AdaInject

Implements AdaInject, an adaptive optimizer that injects curvature-like second-order information into the first-moment estimate using the recent parameter change.

AdaInject augments the gradient driving the first moment with a term proportional to the squared gradient weighted by the short-term parameter change \(\Delta\theta = \theta_{t-2} - \theta_{t-1}\). Intuitively, the sign and magnitude of the recent step modulate how much the squared gradient pushes the moment, letting the optimizer adapt its effective step near minima. The construction is generic; applied to Adam it yields the AdamInject variant shown below, replacing Adam's \(m_t\) with the injected moment \(s_t\) while leaving the second moment \(v_t\) unchanged.

\[ \begin{aligned} \Delta\theta &= \theta_{t-2} - \theta_{t-1} \\ s_t &= \beta_1 s_{t-1} + (1 - \beta_1)\,\frac{g_t + \Delta\theta \cdot g_t^2}{k} \\ v_t &= \beta_2 v_{t-1} + (1 - \beta_2)\,g_t^2 \\ \hat{s}_t &= \frac{s_t}{1 - \beta_1^t}, \qquad \hat{v}_t = \frac{v_t}{1 - \beta_2^t} \\ \theta_t &= \theta_{t-1} - \eta \, \frac{\hat{s}_t}{\sqrt{\hat{v}_t} + \epsilon} \end{aligned} \]

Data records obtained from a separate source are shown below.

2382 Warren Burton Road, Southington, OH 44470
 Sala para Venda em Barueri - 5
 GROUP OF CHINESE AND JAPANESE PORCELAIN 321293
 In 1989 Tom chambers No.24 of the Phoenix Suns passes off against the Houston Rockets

where \(\theta\) are the parameters, \(\eta\) the learning rate, \(g_t\) the gradient, \(g_t^2\) the elementwise squared gradient, \(\Delta\theta\) the previous parameter change, \(k\) the injection control constant (typically \(k=2\)), \(s_t\) the injected first moment, \(v_t\) the second moment, \(\hat{s}_t\) and \(\hat{v}_t\) their bias-corrected forms, \(\beta_1,\beta_2\) the decay rates, and \(\epsilon\) a small stability constant.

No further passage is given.